Could you copy the records below exactly, leaving out any pictures they include?

[Exercise material Boundary: Start]

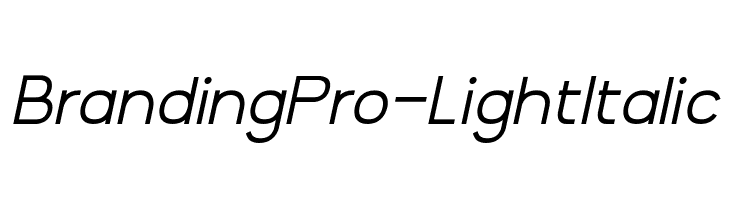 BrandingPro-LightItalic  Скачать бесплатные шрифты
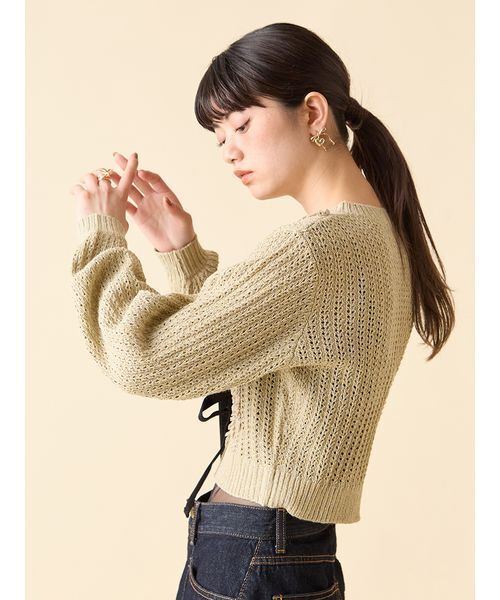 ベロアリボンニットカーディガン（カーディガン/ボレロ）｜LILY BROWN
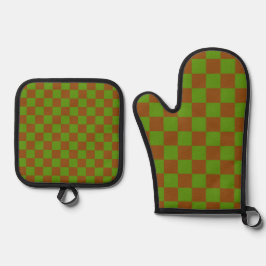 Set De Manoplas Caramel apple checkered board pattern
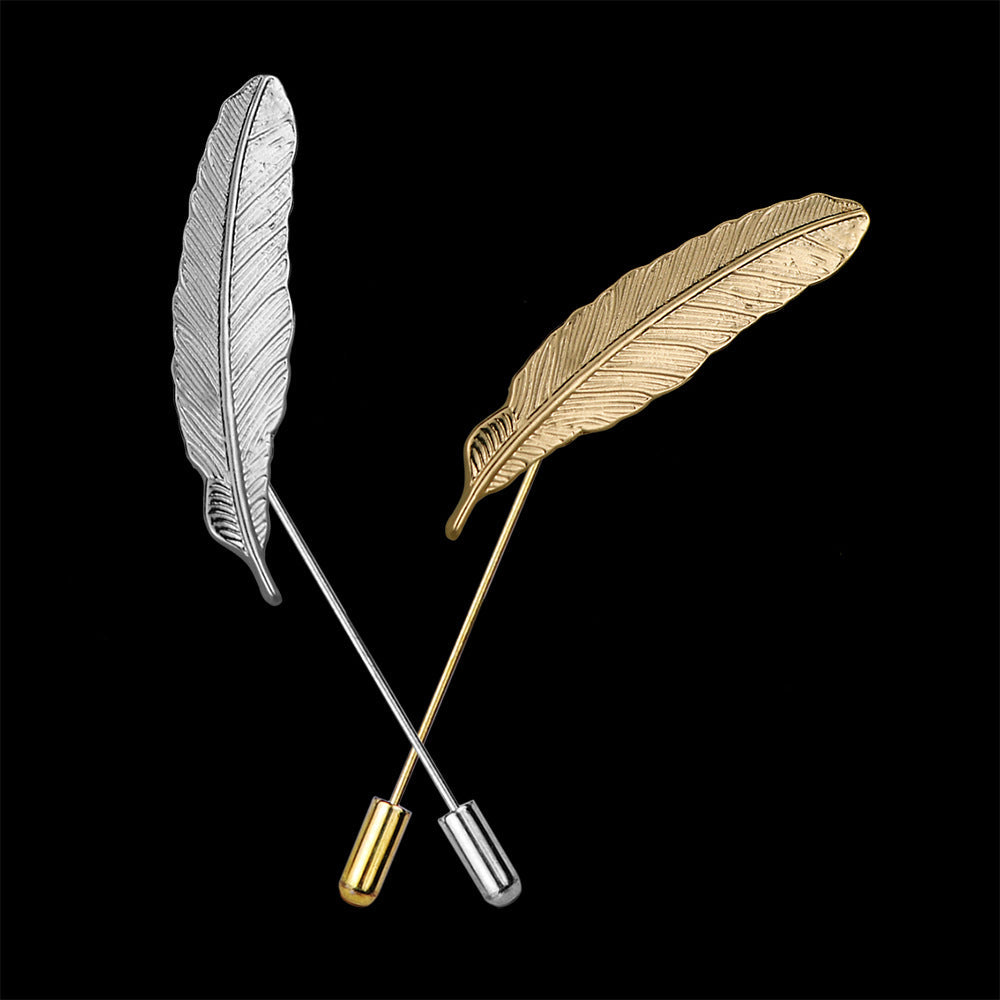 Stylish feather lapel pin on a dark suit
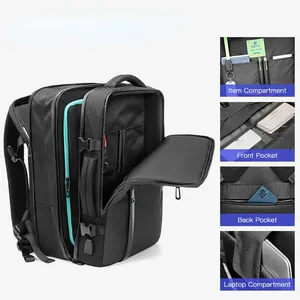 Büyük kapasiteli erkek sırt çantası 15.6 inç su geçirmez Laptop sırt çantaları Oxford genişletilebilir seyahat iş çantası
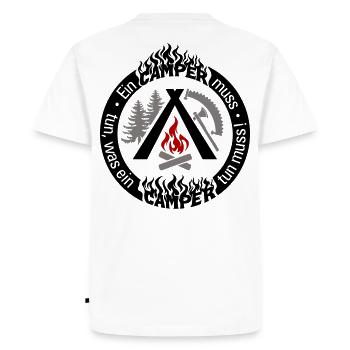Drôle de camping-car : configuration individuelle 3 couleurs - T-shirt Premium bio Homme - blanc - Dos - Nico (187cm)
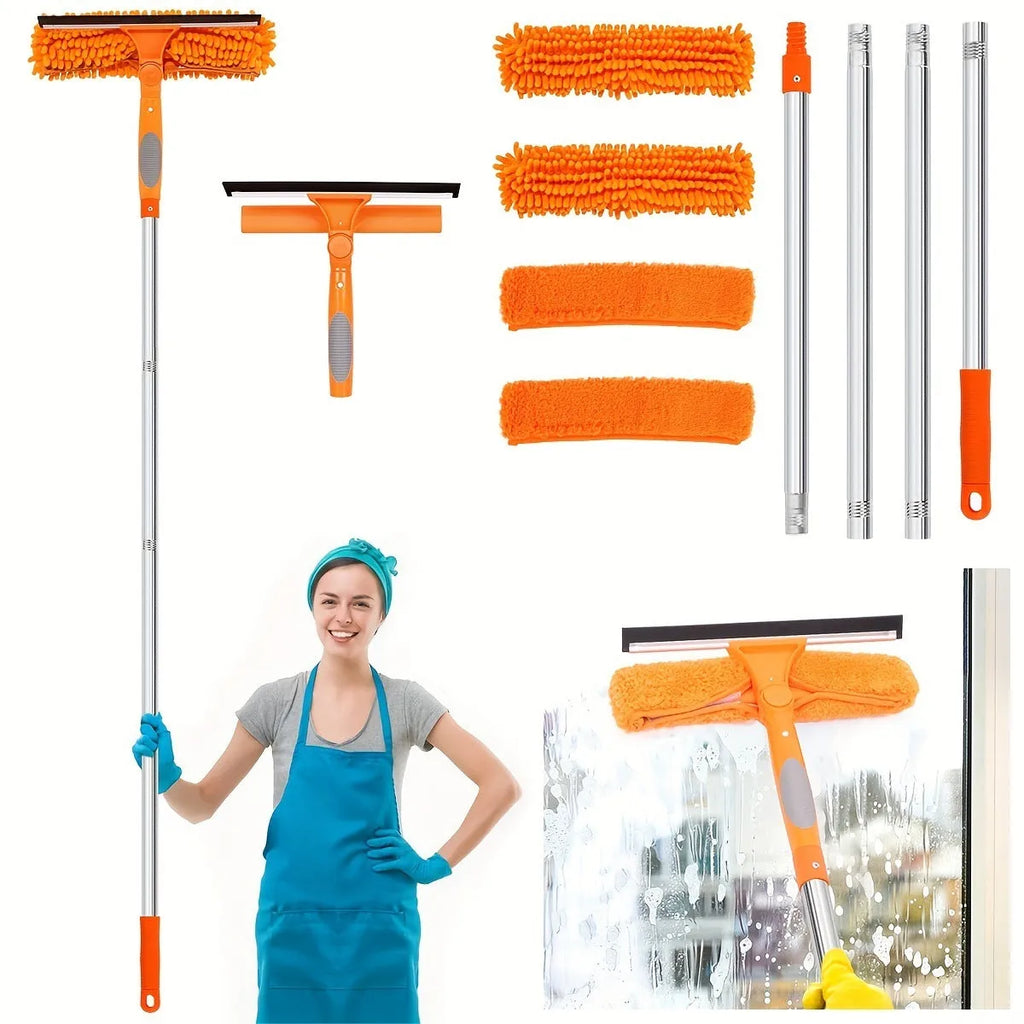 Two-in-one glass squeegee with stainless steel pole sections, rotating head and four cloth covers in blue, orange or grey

[Exercise material Boundary: End]

Result for this exercise:
 BrandingPro-LightItalic  Скачать бесплатные шрифты
 ベロアリボンニットカーディガン（カーディガン/ボレロ）｜LILY BROWN
 Set De Manoplas Caramel apple checkered board pattern
 Stylish feather lapel pin on a dark suit
 Büyük kapasiteli erkek sırt çantası 15.6 inç su geçirmez Laptop sırt çantaları Oxford genişletilebilir seyahat iş çantası
Drôle de camping-car : configuration individuelle 3 couleurs - T-shirt Premium bio Homme - blanc - Dos - Nico (187cm)
 Two-in-one glass squeegee with stainless steel pole sections, rotating head and four cloth covers in blue, orange or grey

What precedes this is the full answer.